Well dogs are off the leads everywhere... if there is a law it isn't followed.


----------



## peaches (Apr 3, 2007)

sandmatt said:


> Well dogs are off the leads everywhere... if there is a law it isn't followed.


That's what I am asking!! You see people still on their mobiles in cars, yet I know there is a law.

Google is clear as mud this avo:lol2:


----------



## sheldon&shelly (May 13, 2008)

i think she means in town centres, high streets etc,

as far as i know there isnt a law


----------



## alphakenny1 (Sep 16, 2008)

im sure the law states that as an owner you are responsible for keeping control of your dog, if a dog can be controlled without a leash then there should be no comeback, however if you decide not to use a lead and fail to maintain control of your dog then that is when the law is broken


----------



## Rain (Oct 9, 2007)

I believe (and I fully expect someone to correct me with proof) that the law is you do not need the animal on a leed, so long as it is "under control".
Example - You can walk your dog down the high street, with out being on a leed, so long as it doesn't bother anyone and doesnt go too far from you (i.e out of your sight).
But, likewise, I've not come across anything in british law stating that a dog must (or otherwise) be kept on a leed in a public place.


----------



## alphakenny1 (Sep 16, 2008)

sheldon&shelly said:


> i think she means in town centres, high streets etc,
> 
> as far as i know there isnt a law


in town centres and high streets all dogs must be kept on a leash if your dog runs in a road because its not leashed it is your responsibility and not the drivers if the dog were to be hit


----------



## alphakenny1 (Sep 16, 2008)

it seems that local councils set the rules and leglisisation for dog owners, in places its a punishable offence to have a dog without a collor with a nametag

Doglaw


----------



## Marine (Jun 6, 2008)

In actual fact it is up to each individual council at the moment.

Theres no 'law' as such but some councils have regulations in place, each one may be different though and if there isnt a regulation in place then yes it comes down to a dog being 'under control' whether that is on or off the lead.

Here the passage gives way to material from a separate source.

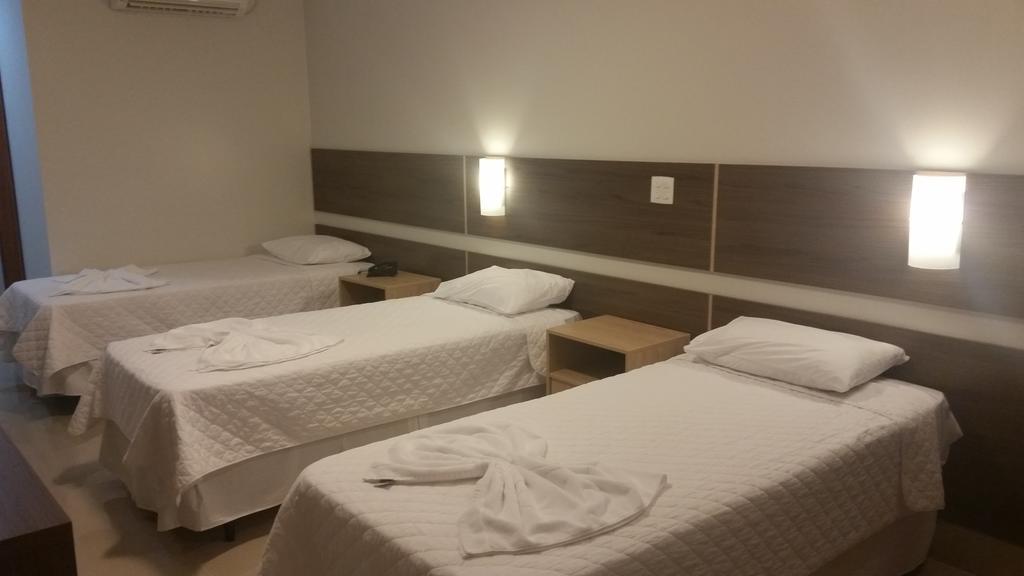 Kamur Plaza Hotel 고이아네지아 객실 사진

If a dog is on lead and being held by a person over the age of 16 the law states that the dog is automatically under control.
Eg. If that dog bites a dog who is off lead then the dog offlead was out of control and was allowed to get to close.


----------



## sheldon&shelly (May 13, 2008)

alphakenny1 said:


> in town centres and high streets all dogs must be kept on a leash if your dog runs in a road because its not leashed it is your responsibility and not the drivers if the dog were to be hit


 
i wasnt stating you didnt have to have your dog on a lead i was merley explaining to the 2nd poster what the op poster had ment by public places :lol2:




then i stated i didnt believe there was a law


----------



## carlycharlie (Jan 16, 2008)

Dogs on leads in The AnswerBank: Law

UK dog laws - The Kennel Club

Defra, UK - Environmental Protection - Local Environmental Quality, Litter, Dogs

Interesting info in the above with regard dogs & the law.

My take on it from what I have read is that thee is no UK law stating ALL dogs do not have to be kept on a lead ALL of the time in EVERY place they are walked. However, it appears Local Authorities have the right to make their own individual ruling on when & where dogs must be on a lead.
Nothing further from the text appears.